Exercise brief: Locate "550pcs Square Soft" in the records below, then copy its line and every following line exactly, without the pictures.
════════════════════
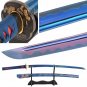 Handmade Japanese Katana Sword Changing Color Blade 1060 Carbon Steel Wave Hamon Battle Ready Sharp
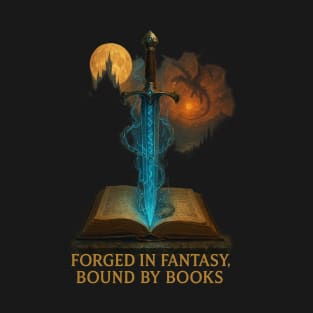Forged in fantasy, bound by books T-Shirt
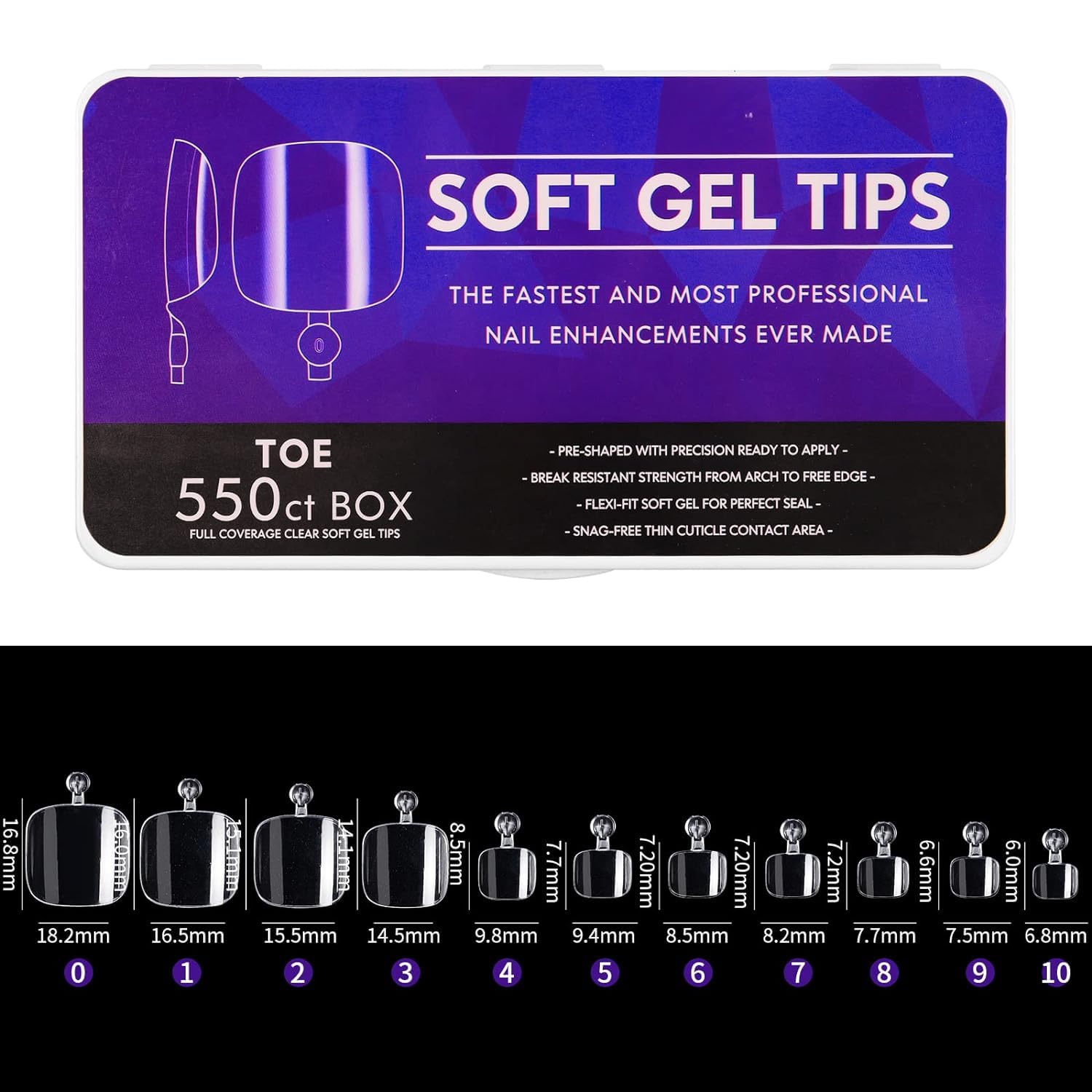 550pcs Square Soft Gel Toe Nail Tips, 11 Sizes Square Toenails Full Cover Acrylic Press on False Nail Tips No Trace for Beginners and Professional Home Salon DIY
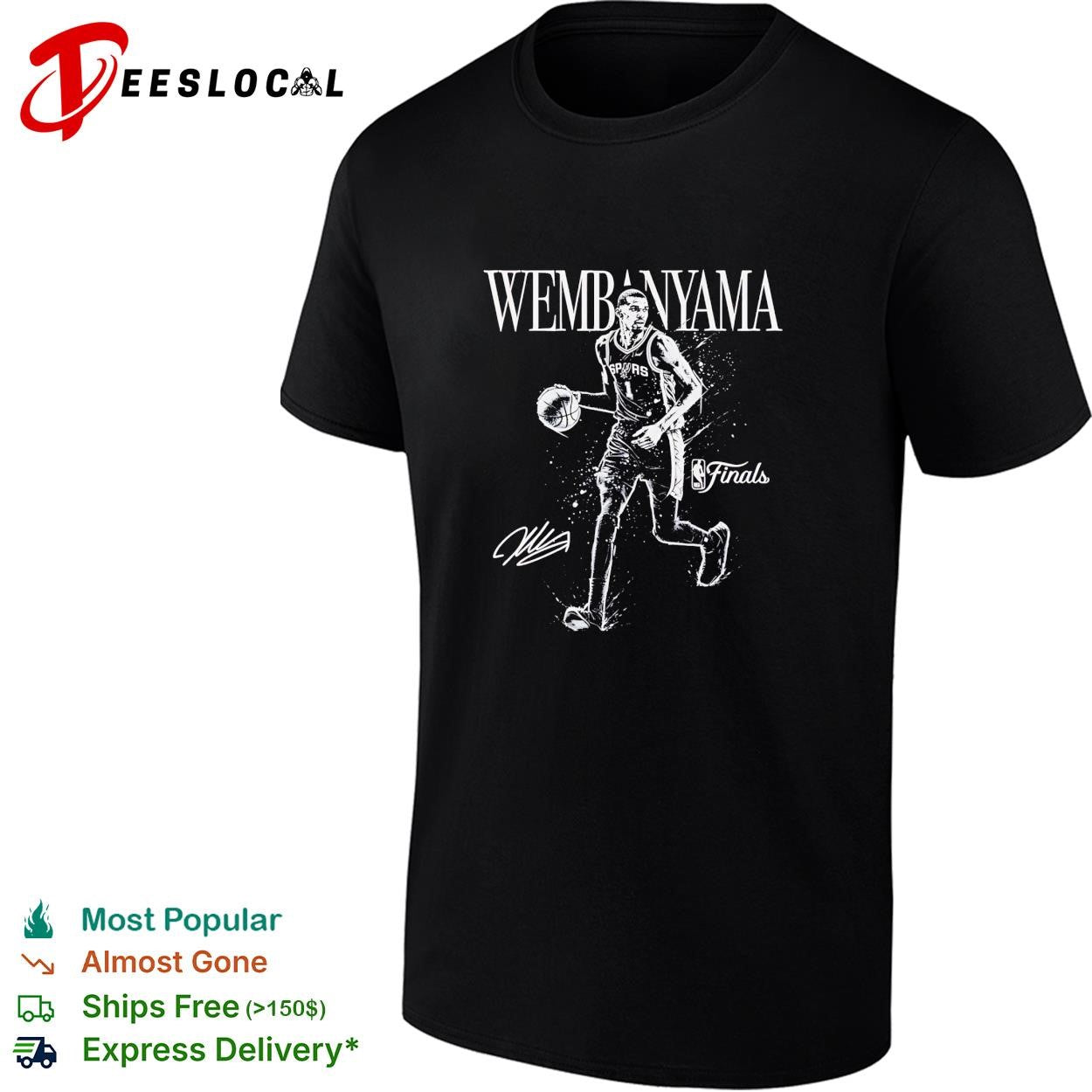 Victor Wembanyama San Antonio Spurs NBA Finals action portrait shirt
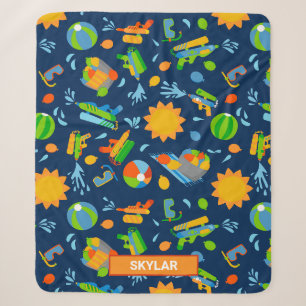 Water guns water balloons summer kids pattern sherpa blanket
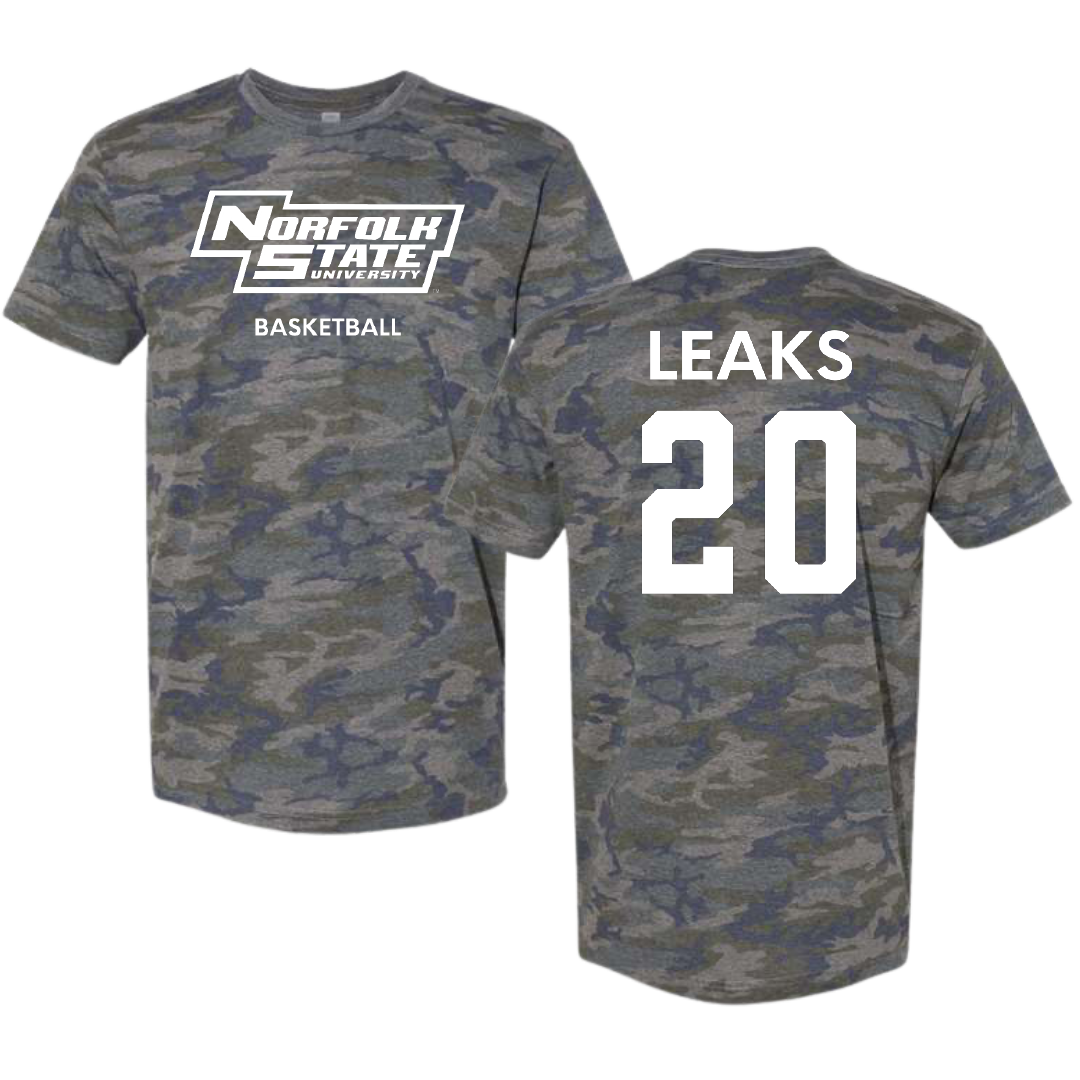 Norfolk State University Basketball (M) Vintage Camo Tee - #20 Jordan Leaks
════════════════════
Result of the task:
 550pcs Square Soft Gel Toe Nail Tips, 11 Sizes Square Toenails Full Cover Acrylic Press on False Nail Tips No Trace for Beginners and Professional Home Salon DIY
 Victor Wembanyama San Antonio Spurs NBA Finals action portrait shirt
 Water guns water balloons summer kids pattern sherpa blanket
 Norfolk State University Basketball (M) Vintage Camo Tee - #20 Jordan Leaks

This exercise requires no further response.